Welcome to the newest edition “of The Why. Why are school students going to be required to study The Beatles?” you ask? Good question. Timely too. (Besides, it gives yours truly a chance to educate the Kanye West crew as well as further avoid answering more embarrassing, personal questions.)
Actually, what the question probably refers to is something happening “across the pond” as they say. Indeed, according to Independent and other sources, it was 48 years ago today that Sgt. Pepper taught the band to play and come September 2016 next year he will be teaching kids about music too.
The Brit’s biggest exam board, the AQA, is to make The Beatles’ iconic album Sgt Pepper’s Lonely Hearts Club Band a central theme of a “refreshed” GCSE music course. (The General Certificate of Secondary Education is a specific academic qualification given in a specified subject.)

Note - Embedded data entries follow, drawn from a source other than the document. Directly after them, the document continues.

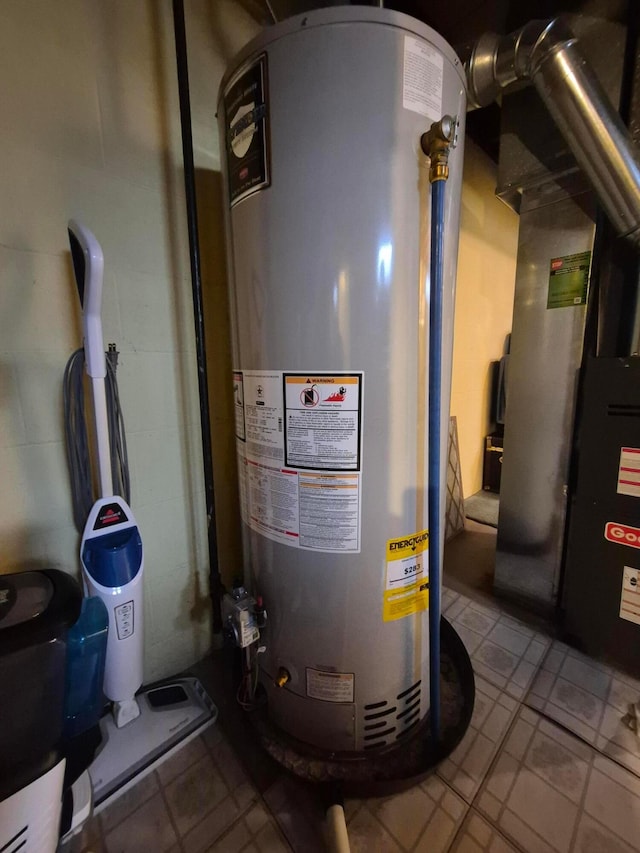 utility room featuring gas water heater and heating unit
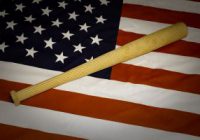 American flag and baseball bat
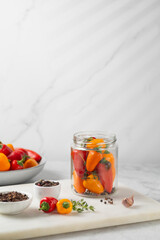 Probiotic foods. Eco friendly still life with pickled or fermented vegetables. Mini colorful bell pepper in glass jars on light grey marble background . Home food preserving or canning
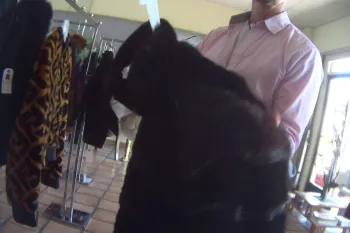 A person holds a fur coat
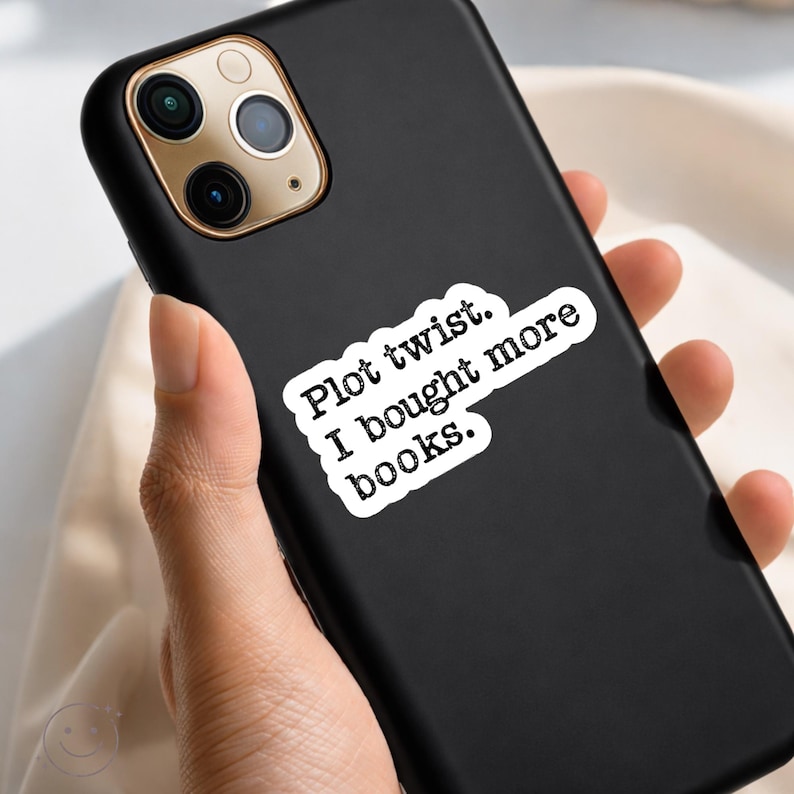 May include: Black phone case with a white sticker that reads "Plot twist. I bought more books." The phone case has a gold camera ring and is held in a person's hand. The background is a light beige color.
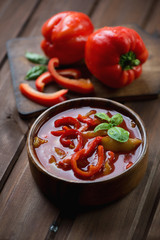 Wooden bowl with hungarian lecho, studio shot, selective focus
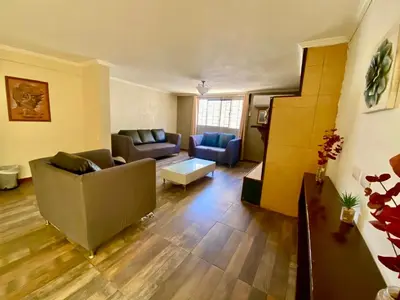 Zona de estar de Casa en zona residencial privada, con estacionamiento electrico en Cuauhtemco, Chihuahua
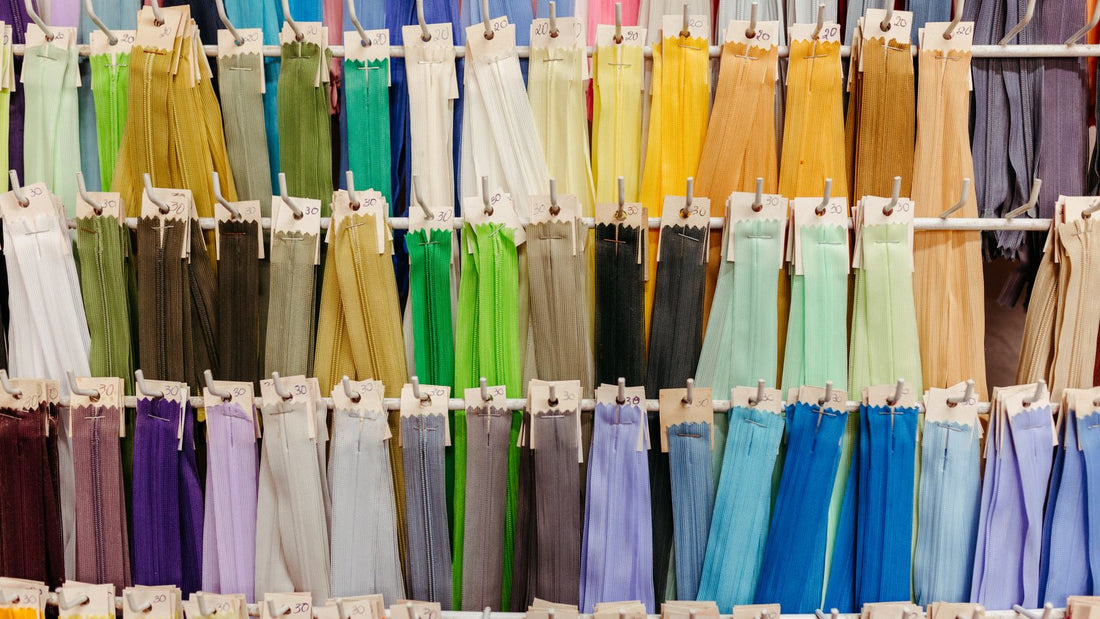 Colorful zippers hanging on display hooks in a workshop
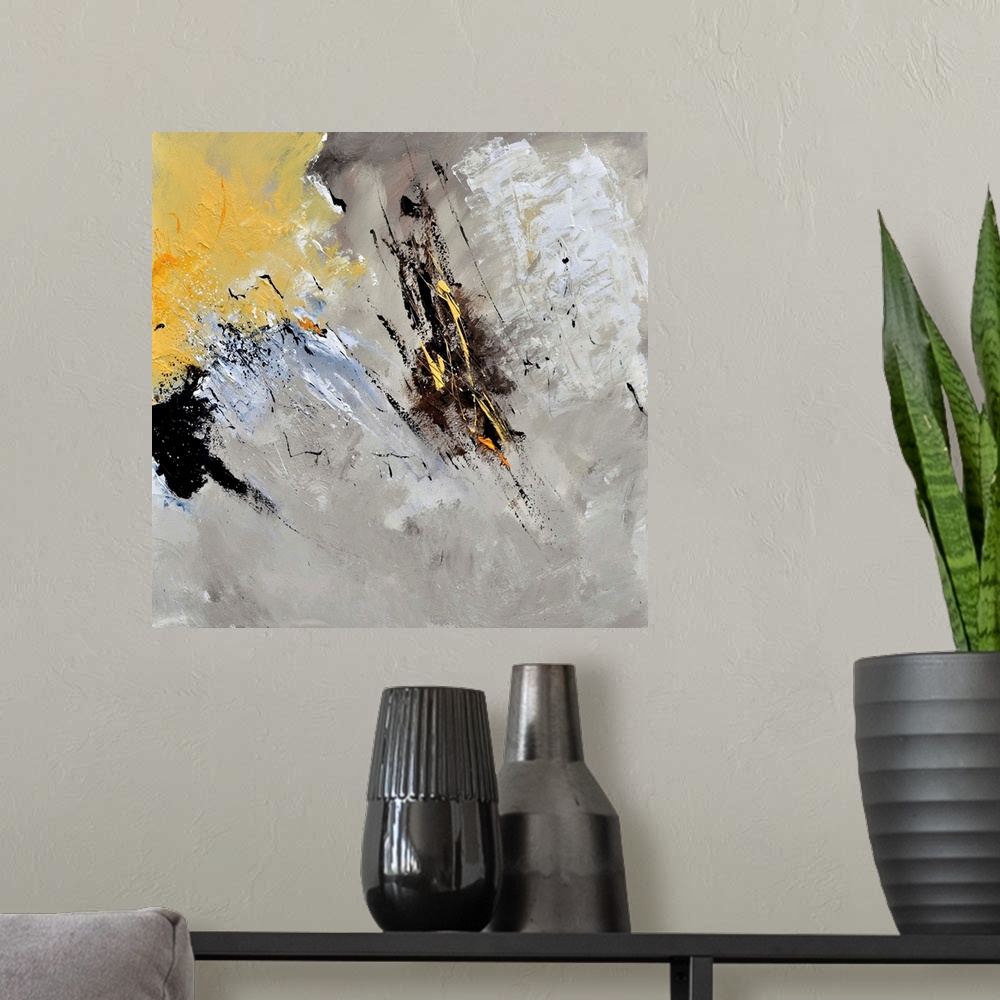 A modern room featuring Abstract painting in shades of black, gray, white and yellow with splatters of paint overlapping.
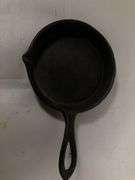 1800s gate marked Lodge #7 pointy handle 4” skillet with single spout and heat ring.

Among other requirements, students will be required to study three tracks off the album: “With A Little Help From My Friends”, “Lucy In The Sky With Diamonds”, and “Within You Without You”. Students will also be required to study the harmony structure, melody, rhythm and meaning of the lyrics.
Some uninformed folks in the UK are whining about the inclusion of “Lucy In The Sky With Diamonds” because of that old rumor that the song–which includes the letters “LSD”- –refers to drug use even though in Lennon’s last print interview (among other places) he made it clear that despite any potentially drug-influenced imagery the song was inspired by a picture drawn by Julian which featured a friend of Julian’s—a gal named Lucy—in a diamond-filled sky.
Still, the question remains: why are students going to be required to study The Beatles? Seb Ross, the head of AQA’s music department stated: “We’ve chosen The Beatles because John, Paul, Ringo and George helped to define popular music and the iconic Sergeant Pepper album has taken on a life of its own.”
Treasurer of the British Beatles Fan Club, Ernie Sutton believes it is “a great tribute to The Beatles.” He noted that students would be required to study the music of The Beatles because:
“The Beatles changed the face of popular music and song writing in a very short space of time which future musicians benefitted from,” adding that The Beatles’ Sergeant Pepper album was “ground breaking and influential” and “changed recording techniques for ever.”
Finally, Ed Biggs, writer for ContactMusic, concluded that yet another reason students will now be required to study The Beatles is because Sgt Pepper’s Lonely Hearts Club Band “opened up the potential of the studio as another instrument in the creation of pop music.”